1. Department of Molecular Medicine/Institute of Biotechnology, University of Texas Health Science Center at San Antonio , San Antonio, Texas 78245, USA
2. Department of Human Genetics and Molecular Medicine, Sackler School of Medicine, Tel Aviv University, Ramat Aviv 69978, Israel

Correspondence to: Wen-Hwa Lee¹ Correspondence and requests for materials should be addressed to W.-H.L. (e-mail: Email: leew@uthscsa.edu).

Abstract

BRCA1 encodes a familial breast cancer suppressor that has a critical role in cellular responses to DNA damage^{1, 2}. Mouse cells deficient for Brca1 show genetic instability, defective G2–M checkpoint control and reduced homologous recombination^{3, 4}. BRCA1 also directly interacts with proteins of the DNA repair machinery⁵ and regulates expression of both the p21 and GADD45 genes^{6, 7, 8}. However, it remains unclear how DNA damage signals are transmitted to modulate the repair function of BRCA1. Here we show that the BRCA1-associated protein CtIP^{9, 10, 11, 12} becomes hyperphosphorylated and dissociated from BRCA1 upon ionizing radiation.

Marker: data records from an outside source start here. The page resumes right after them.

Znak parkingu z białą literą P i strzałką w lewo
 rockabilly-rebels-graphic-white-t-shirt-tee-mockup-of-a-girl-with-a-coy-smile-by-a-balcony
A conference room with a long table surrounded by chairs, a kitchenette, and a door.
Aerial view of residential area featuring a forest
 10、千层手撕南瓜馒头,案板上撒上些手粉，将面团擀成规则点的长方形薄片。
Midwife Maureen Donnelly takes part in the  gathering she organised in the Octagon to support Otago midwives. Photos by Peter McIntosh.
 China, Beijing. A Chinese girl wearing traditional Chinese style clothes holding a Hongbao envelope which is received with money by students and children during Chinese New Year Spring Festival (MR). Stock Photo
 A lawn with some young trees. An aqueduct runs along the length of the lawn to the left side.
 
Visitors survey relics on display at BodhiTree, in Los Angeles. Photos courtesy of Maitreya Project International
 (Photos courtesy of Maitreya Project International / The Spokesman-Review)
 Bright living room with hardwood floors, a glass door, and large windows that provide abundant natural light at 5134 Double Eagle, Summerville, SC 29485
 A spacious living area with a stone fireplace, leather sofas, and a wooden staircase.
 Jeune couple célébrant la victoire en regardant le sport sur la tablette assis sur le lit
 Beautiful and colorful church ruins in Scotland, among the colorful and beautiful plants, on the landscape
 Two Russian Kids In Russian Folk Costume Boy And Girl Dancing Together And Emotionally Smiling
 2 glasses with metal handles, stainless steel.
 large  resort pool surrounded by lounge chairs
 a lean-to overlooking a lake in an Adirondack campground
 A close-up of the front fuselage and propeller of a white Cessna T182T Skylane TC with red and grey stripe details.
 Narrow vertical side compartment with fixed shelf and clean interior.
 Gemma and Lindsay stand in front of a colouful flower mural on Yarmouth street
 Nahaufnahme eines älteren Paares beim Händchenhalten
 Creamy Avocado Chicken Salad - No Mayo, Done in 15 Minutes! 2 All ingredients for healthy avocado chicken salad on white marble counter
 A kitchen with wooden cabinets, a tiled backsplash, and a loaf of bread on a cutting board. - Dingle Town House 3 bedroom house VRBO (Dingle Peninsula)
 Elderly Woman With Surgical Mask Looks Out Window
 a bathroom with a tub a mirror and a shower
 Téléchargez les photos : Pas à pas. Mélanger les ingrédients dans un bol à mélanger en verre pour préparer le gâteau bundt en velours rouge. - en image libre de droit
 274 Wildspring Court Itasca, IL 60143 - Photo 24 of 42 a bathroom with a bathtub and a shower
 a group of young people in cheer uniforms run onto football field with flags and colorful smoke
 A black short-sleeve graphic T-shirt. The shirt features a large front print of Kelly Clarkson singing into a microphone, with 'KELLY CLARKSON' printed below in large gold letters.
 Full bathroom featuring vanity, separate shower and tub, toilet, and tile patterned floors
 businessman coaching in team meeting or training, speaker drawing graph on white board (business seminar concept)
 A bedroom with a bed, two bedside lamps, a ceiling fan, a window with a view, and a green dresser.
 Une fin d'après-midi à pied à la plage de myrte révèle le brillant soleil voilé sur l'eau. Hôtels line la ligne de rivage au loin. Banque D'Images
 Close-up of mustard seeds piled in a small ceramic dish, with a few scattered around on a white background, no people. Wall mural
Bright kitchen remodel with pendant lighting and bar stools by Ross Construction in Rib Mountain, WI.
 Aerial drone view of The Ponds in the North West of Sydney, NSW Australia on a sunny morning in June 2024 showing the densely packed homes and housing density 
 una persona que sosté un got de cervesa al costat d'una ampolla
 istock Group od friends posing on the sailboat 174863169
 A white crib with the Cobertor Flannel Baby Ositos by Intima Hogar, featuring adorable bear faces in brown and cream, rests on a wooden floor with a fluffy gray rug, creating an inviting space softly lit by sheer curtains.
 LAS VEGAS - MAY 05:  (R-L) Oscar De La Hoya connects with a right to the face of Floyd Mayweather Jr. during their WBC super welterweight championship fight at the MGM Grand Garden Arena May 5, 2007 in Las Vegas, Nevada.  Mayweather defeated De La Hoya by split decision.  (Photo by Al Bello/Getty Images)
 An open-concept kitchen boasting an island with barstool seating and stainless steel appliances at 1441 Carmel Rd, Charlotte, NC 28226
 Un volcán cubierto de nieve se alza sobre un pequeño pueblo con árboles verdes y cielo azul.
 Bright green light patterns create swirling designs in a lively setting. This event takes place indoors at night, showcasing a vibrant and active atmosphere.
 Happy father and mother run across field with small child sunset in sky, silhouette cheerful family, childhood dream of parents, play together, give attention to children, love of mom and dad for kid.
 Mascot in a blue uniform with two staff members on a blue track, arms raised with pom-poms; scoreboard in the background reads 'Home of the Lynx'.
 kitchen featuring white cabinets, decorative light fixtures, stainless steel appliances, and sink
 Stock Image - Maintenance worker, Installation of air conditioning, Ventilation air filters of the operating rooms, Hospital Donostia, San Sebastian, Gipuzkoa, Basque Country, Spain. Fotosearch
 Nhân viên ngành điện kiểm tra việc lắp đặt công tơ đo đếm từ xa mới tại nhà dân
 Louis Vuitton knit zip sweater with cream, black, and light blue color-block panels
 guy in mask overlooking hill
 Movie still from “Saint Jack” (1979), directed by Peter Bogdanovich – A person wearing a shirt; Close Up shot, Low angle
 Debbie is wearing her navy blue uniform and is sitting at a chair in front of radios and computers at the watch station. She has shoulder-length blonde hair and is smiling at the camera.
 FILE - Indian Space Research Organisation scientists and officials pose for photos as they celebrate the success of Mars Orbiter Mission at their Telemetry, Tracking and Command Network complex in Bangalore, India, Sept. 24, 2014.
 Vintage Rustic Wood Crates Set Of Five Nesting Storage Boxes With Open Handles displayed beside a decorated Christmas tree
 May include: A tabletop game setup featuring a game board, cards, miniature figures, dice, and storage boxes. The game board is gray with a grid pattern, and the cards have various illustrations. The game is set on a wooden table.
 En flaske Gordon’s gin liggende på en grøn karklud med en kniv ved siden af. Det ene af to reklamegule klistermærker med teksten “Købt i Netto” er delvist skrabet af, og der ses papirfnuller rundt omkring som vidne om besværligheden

This phosphorylation event requires the protein kinase (ATM) that is mutated in the disease ataxia telangiectasia¹³. ATM phosphorylates CtIP at serine residues 664 and 745, and mutation of these sites to alanine abrogates the dissociation of BRCA1 from CtIP, resulting in persistent repression of BRCA1-dependent induction of GADD45 upon ionizing radiation. We conclude that ATM, by phosphorylating CtIP upon ionizing radiation, may modulate BRCA1-mediated regulation of the DNA damage-response GADD45 gene, thus providing a potential link between ATM deficiency and breast cancer.